*TASK DETAILS:* From the listing below, restate word for word the lines from the line containing "Annie Alicee online" down through the line containing "直径29cm 大皿 - メルカリ". Exclude pictures.

*DATA FOR THIS EXERCISE:*
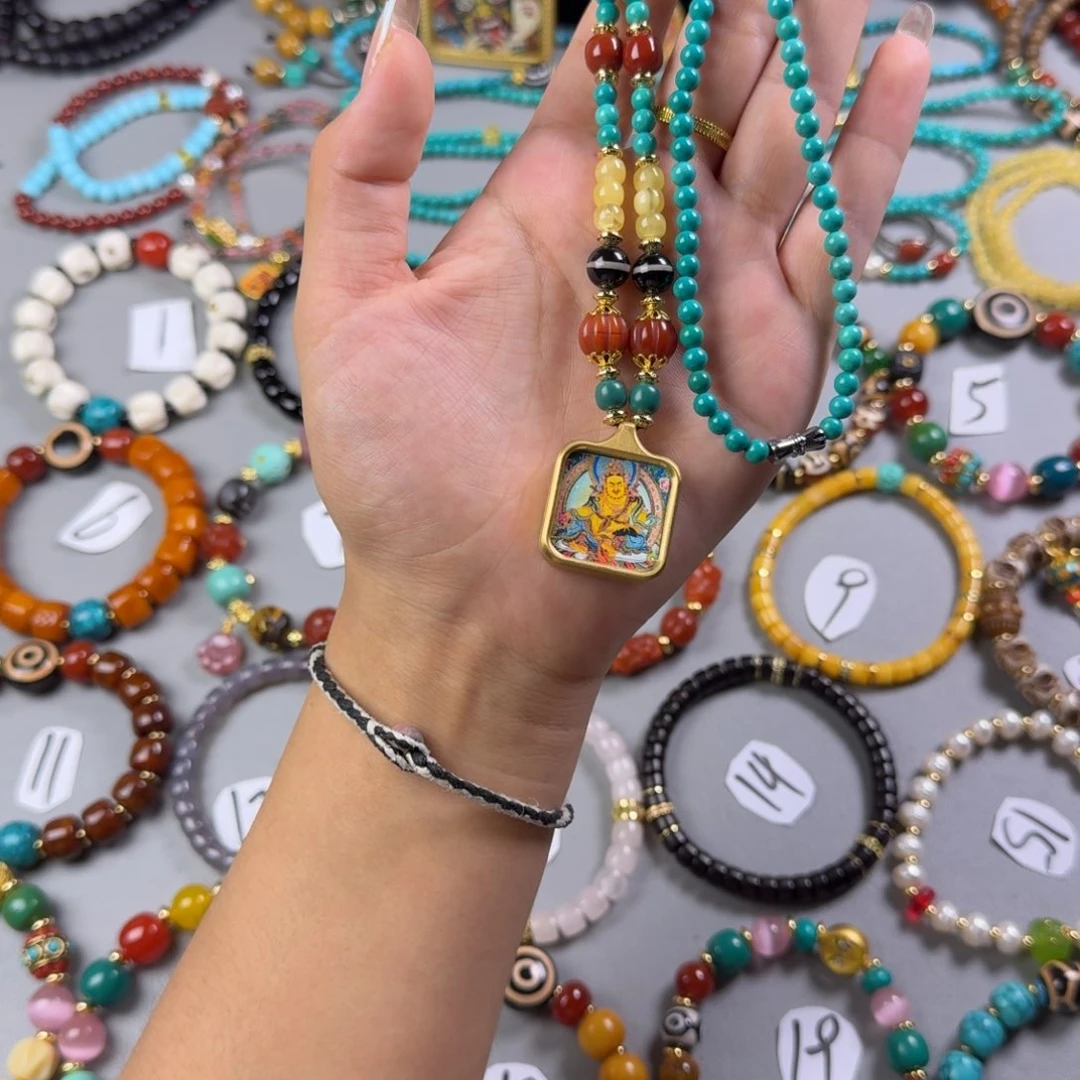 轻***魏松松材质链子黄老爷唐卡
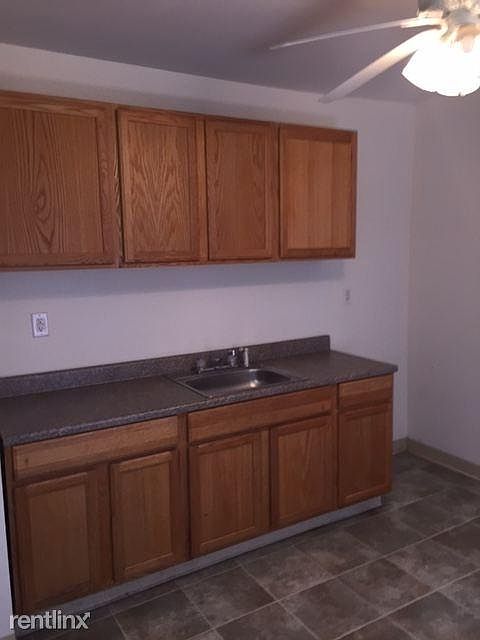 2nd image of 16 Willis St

---

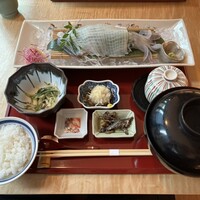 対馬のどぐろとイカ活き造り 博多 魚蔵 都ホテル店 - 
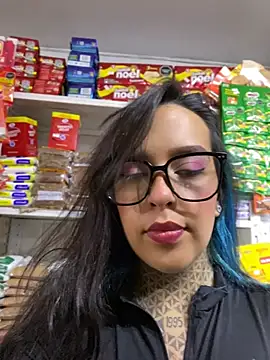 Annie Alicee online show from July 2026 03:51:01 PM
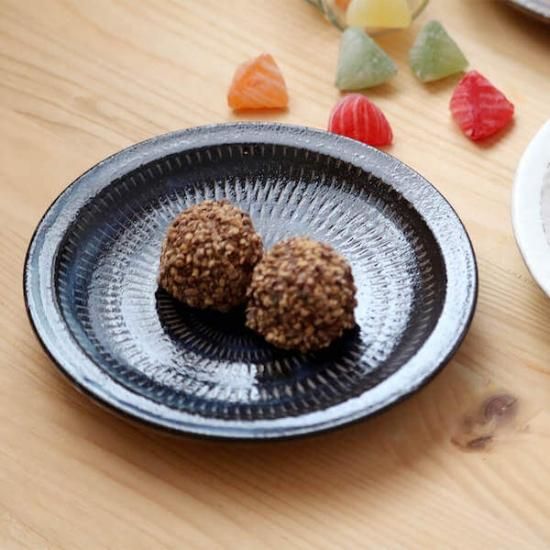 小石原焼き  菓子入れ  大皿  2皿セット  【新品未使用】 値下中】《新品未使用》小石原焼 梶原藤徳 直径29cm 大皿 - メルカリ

*RESULT FOR THIS EXERCISE:*
 Annie Alicee online show from July 2026 03:51:01 PM
 小石原焼き  菓子入れ  大皿  2皿セット  【新品未使用】 値下中】《新品未使用》小石原焼 梶原藤徳 直径29cm 大皿 - メルカリ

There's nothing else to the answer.